In Nueva Vizcaya province, a landslide on Saturday killed a family of four at Barangay Banaw in Kayapa town.

The fatalities were a 36-year-old father and his three children—a 19-year-old son; a 2-year-old girl; and an 8-month-old child.

Roads closed

Halsema Highway, a major road network used to transport vegetables, was closed on Sunday due to a 50-meter erosion in Buguias town, Benguet province.

Bontoc-Banaue Road, which leads to Ifugao province, was also closed due to a 150-meter erosion near Mount Polis.

Also closed due to falling rocks was Kennon Road. Landslides also affected Marcos Highway, but it remained open to all vehicles on Sunday.

In Ilocos Norte province, 10,596 residents in two cities and 19 towns who were evacuated at the height of Ompong, returned home on Sunday.

Schools damaged

The Department of Education said many schools were damaged by Ompong’s winds.
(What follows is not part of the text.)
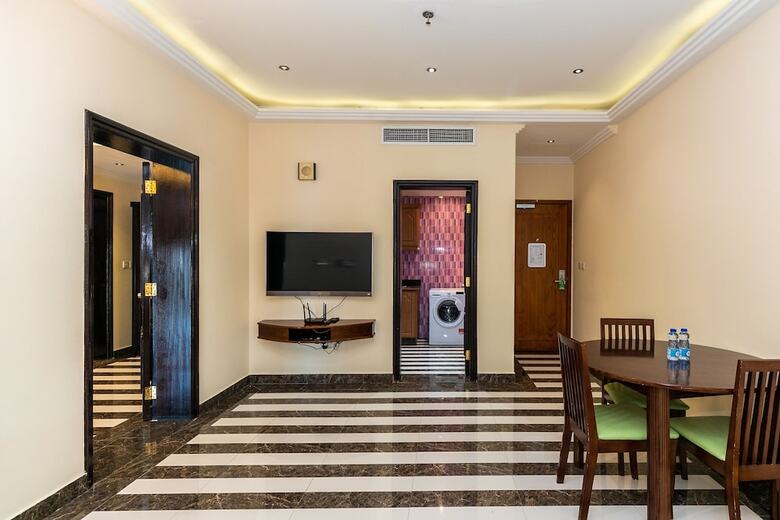 Aparthotel Royal Mirage Hotel And Apartments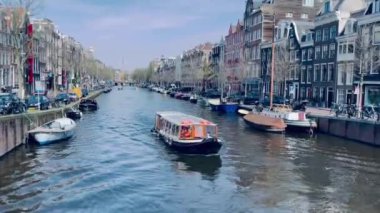 Geleneksel tekne ve kanallar Amsterdam, Hollanda, Avrupa 'da, 22 Nisan 2022. Yüksek kalite 4K görüntü. Yüksek kaliteli FullHD görüntüler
Initial damage was placed at P12.6 million.

People availed themselves of free calls and charging stations offered at outlets of two telecommunication companies and a private mobile telephone retailer in Ilocos Norte.

A private water company distributed free potable water to residents.

Classes in Ilocos Norte, Benguet and Abra remained canceled to allow clearing operations and repairs to continue.

The Am-among Festival in Bontoc, which coincided with its 110th founding anniversary, was supposed to open on Monday but was also canceled.

But the Philippine Youth Games (Batang Pinoy) would push through as scheduled on Monday in Baguio.

Flooding in Bulacan

In Bulacan province, flash floods caused by cascading waters from the Sierra Madre and rains brought by Ompong submerged most of the 24 towns and rendered eight major roads impassable.

Angat Dam’s water elevation reached 210.33 meters above sea level (masl), breaching its 210-masl spilling level.

The two dams below Angat had been releasing water before Ompong blew through northern Luzon.

But Ipo Dam reduced its discharge when its reservoir level dropped to 101.08 masl.

Bustos Dam, which had been releasing water since Typhoon “Karding” struck Bulacan last month, also reduced its water discharge.

The towns of San Miguel, Marilao, Guiguinto and Calumpit suffered floods that were between 30 centimeters and 1.8 meters.

A total of 3,980 people in 32 villages of the towns of Bulakan, Plaridel, Santa Maria, Obando, Balagtas, Norzagaray, Paombong, and Guiguinto and Malolos City were moved to 32 evacuation centers.